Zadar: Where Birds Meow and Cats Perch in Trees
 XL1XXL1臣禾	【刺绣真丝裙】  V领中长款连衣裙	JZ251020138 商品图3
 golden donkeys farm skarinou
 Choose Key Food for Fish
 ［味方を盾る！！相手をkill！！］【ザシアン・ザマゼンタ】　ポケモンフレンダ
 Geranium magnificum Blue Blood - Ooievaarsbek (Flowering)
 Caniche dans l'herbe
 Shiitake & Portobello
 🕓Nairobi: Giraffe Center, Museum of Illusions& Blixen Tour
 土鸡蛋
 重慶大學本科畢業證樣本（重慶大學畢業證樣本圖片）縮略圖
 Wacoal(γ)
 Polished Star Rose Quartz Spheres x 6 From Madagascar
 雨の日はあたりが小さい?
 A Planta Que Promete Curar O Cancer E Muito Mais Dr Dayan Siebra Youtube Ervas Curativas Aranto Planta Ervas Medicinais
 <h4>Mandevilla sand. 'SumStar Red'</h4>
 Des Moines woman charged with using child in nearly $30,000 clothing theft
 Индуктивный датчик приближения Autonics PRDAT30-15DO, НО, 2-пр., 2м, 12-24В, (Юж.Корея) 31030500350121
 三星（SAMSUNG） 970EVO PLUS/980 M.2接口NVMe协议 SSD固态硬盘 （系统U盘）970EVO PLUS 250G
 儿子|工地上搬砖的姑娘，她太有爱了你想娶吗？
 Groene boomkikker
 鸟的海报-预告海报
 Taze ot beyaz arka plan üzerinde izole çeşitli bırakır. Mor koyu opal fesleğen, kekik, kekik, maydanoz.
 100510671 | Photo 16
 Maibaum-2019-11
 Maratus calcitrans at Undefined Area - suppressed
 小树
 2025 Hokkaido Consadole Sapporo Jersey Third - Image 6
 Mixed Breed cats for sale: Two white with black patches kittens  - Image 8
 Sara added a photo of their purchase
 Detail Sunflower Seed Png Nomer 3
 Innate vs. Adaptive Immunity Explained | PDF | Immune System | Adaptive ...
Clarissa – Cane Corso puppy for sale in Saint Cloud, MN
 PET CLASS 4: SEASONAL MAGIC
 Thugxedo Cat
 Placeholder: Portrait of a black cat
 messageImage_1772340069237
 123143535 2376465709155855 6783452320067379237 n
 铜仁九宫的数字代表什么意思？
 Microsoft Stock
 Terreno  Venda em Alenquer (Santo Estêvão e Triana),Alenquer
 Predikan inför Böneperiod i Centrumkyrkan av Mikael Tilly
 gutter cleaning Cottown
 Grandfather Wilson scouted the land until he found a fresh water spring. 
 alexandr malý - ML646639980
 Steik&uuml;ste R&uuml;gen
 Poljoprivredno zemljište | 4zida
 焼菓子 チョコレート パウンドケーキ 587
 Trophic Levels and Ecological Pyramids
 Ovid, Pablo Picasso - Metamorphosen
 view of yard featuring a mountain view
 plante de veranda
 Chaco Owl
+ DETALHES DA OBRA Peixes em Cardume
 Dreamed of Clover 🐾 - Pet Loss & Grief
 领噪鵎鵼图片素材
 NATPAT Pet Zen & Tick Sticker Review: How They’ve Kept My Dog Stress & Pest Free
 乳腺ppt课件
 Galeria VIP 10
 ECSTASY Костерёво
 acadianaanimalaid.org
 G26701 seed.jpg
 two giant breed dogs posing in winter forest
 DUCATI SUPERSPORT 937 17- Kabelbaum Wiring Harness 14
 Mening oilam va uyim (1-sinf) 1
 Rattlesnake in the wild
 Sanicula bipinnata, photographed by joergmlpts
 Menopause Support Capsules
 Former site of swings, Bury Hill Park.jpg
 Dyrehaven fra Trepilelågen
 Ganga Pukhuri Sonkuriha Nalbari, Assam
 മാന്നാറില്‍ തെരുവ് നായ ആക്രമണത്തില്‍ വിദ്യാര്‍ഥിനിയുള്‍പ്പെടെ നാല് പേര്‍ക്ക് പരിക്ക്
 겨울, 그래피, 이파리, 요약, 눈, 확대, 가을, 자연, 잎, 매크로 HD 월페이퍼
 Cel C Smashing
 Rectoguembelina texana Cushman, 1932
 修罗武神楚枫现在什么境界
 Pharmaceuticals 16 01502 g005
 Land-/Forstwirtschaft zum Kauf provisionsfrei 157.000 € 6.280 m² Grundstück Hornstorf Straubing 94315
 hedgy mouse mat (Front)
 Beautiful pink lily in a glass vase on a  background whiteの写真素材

◆ ACTION ITEM ◆
Give the records above again, word for word.

◆ RESULT OF THIS TASK ◆
Zadar: Where Birds Meow and Cats Perch in Trees
 XL1XXL1臣禾	【刺绣真丝裙】  V领中长款连衣裙	JZ251020138 商品图3
 golden donkeys farm skarinou
 Choose Key Food for Fish
 ［味方を盾る！！相手をkill！！］【ザシアン・ザマゼンタ】　ポケモンフレンダ
 Geranium magnificum Blue Blood - Ooievaarsbek (Flowering)
 Caniche dans l'herbe
 Shiitake & Portobello
 🕓Nairobi: Giraffe Center, Museum of Illusions& Blixen Tour
 土鸡蛋
 重慶大學本科畢業證樣本（重慶大學畢業證樣本圖片）縮略圖
 Wacoal(γ)
 Polished Star Rose Quartz Spheres x 6 From Madagascar
 雨の日はあたりが小さい?
 A Planta Que Promete Curar O Cancer E Muito Mais Dr Dayan Siebra Youtube Ervas Curativas Aranto Planta Ervas Medicinais
 <h4>Mandevilla sand. 'SumStar Red'</h4>
 Des Moines woman charged with using child in nearly $30,000 clothing theft
 Индуктивный датчик приближения Autonics PRDAT30-15DO, НО, 2-пр., 2м, 12-24В, (Юж.Корея) 31030500350121
 三星（SAMSUNG） 970EVO PLUS/980 M.2接口NVMe协议 SSD固态硬盘 （系统U盘）970EVO PLUS 250G
 儿子|工地上搬砖的姑娘，她太有爱了你想娶吗？
 Groene boomkikker
 鸟的海报-预告海报
 Taze ot beyaz arka plan üzerinde izole çeşitli bırakır. Mor koyu opal fesleğen, kekik, kekik, maydanoz.
 100510671 | Photo 16
 Maibaum-2019-11
 Maratus calcitrans at Undefined Area - suppressed
 小树
 2025 Hokkaido Consadole Sapporo Jersey Third - Image 6
 Mixed Breed cats for sale: Two white with black patches kittens  - Image 8
 Sara added a photo of their purchase
 Detail Sunflower Seed Png Nomer 3
 Innate vs. Adaptive Immunity Explained | PDF | Immune System | Adaptive ...
Clarissa – Cane Corso puppy for sale in Saint Cloud, MN
 PET CLASS 4: SEASONAL MAGIC
 Thugxedo Cat
 Placeholder: Portrait of a black cat
 messageImage_1772340069237
 123143535 2376465709155855 6783452320067379237 n
 铜仁九宫的数字代表什么意思？
 Microsoft Stock
 Terreno  Venda em Alenquer (Santo Estêvão e Triana),Alenquer
 Predikan inför Böneperiod i Centrumkyrkan av Mikael Tilly
 gutter cleaning Cottown
 Grandfather Wilson scouted the land until he found a fresh water spring. 
 alexandr malý - ML646639980
 Steik&uuml;ste R&uuml;gen
 Poljoprivredno zemljište | 4zida
 焼菓子 チョコレート パウンドケーキ 587
 Trophic Levels and Ecological Pyramids
 Ovid, Pablo Picasso - Metamorphosen
 view of yard featuring a mountain view
 plante de veranda
 Chaco Owl
+ DETALHES DA OBRA Peixes em Cardume
 Dreamed of Clover 🐾 - Pet Loss & Grief
 领噪鵎鵼图片素材
 NATPAT Pet Zen & Tick Sticker Review: How They’ve Kept My Dog Stress & Pest Free
 乳腺ppt课件
 Galeria VIP 10
 ECSTASY Костерёво
 acadianaanimalaid.org
 G26701 seed.jpg
 two giant breed dogs posing in winter forest
 DUCATI SUPERSPORT 937 17- Kabelbaum Wiring Harness 14
 Mening oilam va uyim (1-sinf) 1
 Rattlesnake in the wild
 Sanicula bipinnata, photographed by joergmlpts
 Menopause Support Capsules
 Former site of swings, Bury Hill Park.jpg
 Dyrehaven fra Trepilelågen
 Ganga Pukhuri Sonkuriha Nalbari, Assam
 മാന്നാറില്‍ തെരുവ് നായ ആക്രമണത്തില്‍ വിദ്യാര്‍ഥിനിയുള്‍പ്പെടെ നാല് പേര്‍ക്ക് പരിക്ക്
 겨울, 그래피, 이파리, 요약, 눈, 확대, 가을, 자연, 잎, 매크로 HD 월페이퍼
 Cel C Smashing
 Rectoguembelina texana Cushman, 1932
 修罗武神楚枫现在什么境界
 Pharmaceuticals 16 01502 g005
 Land-/Forstwirtschaft zum Kauf provisionsfrei 157.000 € 6.280 m² Grundstück Hornstorf Straubing 94315
 hedgy mouse mat (Front)
 Beautiful pink lily in a glass vase on a  background whiteの写真素材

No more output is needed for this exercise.